To verify the performance of the F-M algorithm proposed in the study, the commonly used Sphere function, Roserock function, and Rastigin function were selected for testing. The experimental platform was Matlab software, and the experimental parameters were set as follows. The functional dimension was 5; the MAXITER was 1000; the population size was set to 10, 20, and 40, respectively. Convergence occurred when the objective function was less than 0.0000001.
It ran the H–M, PSO, and OPSO independently 50 times on three test functions to obtain test results for different algorithms, as shown in Table 1. From Table 1, in the Sphere function, when the number of particles was small, the OPSO algorithm could always reach the convergence condition. Moreover, both the PSO algorithm and the OPSO algorithm slightly improved tracking accuracy after the population number reached 40. When optimizing Roserock, the PSO algorithm has been unable to converge. The OPSO algorithm had a probability of finding the theoretical minimum of about 80%. In the Rastigin function, the OPSO algorithm had better multimodal optimization ability and higher convergence probability than the PSO algorithm. Comparing the H–M algorithm with the OPSO algorithm, for the Sphere function, the H–M algorithm could always find the minimum value in the two types of population sizes, and the optimization ability was greatly improved.

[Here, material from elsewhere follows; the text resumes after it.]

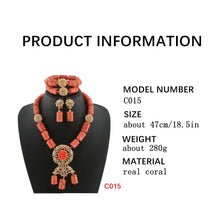 Latest Coral Jewelry Sets Nigerian Dubai Orange Necklace Sets of Beads African Bridal Jewelry Sets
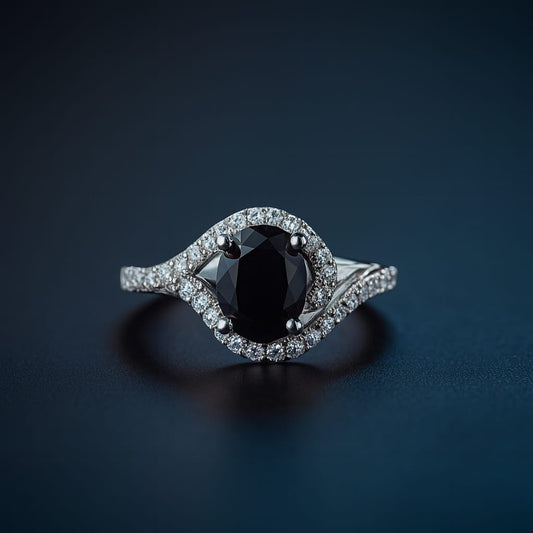 MIDNIGHT GRACE SILVER RING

For the Roserock function and the Rastigin function, the H–M algorithm could always converge to the theoretical minimum with a probability of more than 94%. With a particle count of 20, it achieved the effect of the OPSO algorithm with a particle count of 40. In the three functions, the convergence rate of the H–M algorithm significantly improved. It increased by nearly 60% under two types of population, and the average convergence iteration number also decreased by more than 180 times. Based on the above analysis, it can be concluded that the performance of the H–M algorithm is more stable.
To further verify the multimodal optimization ability of the H–M algorithm, 50 experiments were conducted on the Rastigin function when the population size was ten. The best-performing one was selected to obtain the corresponding fitness change curve results of the two algorithms, as shown in Figure 7. From Figure 7, the H–M algorithm could achieve the theoretical optimal value by only iterating 632 times. The OPSO algorithm still could not converge after 992 iterations. Based on the above results, the H–M algorithm has the highest stability, optimization accuracy, and convergence speed. It can effectively solve complex multimodal problems and avoid the occurrence of local optimization.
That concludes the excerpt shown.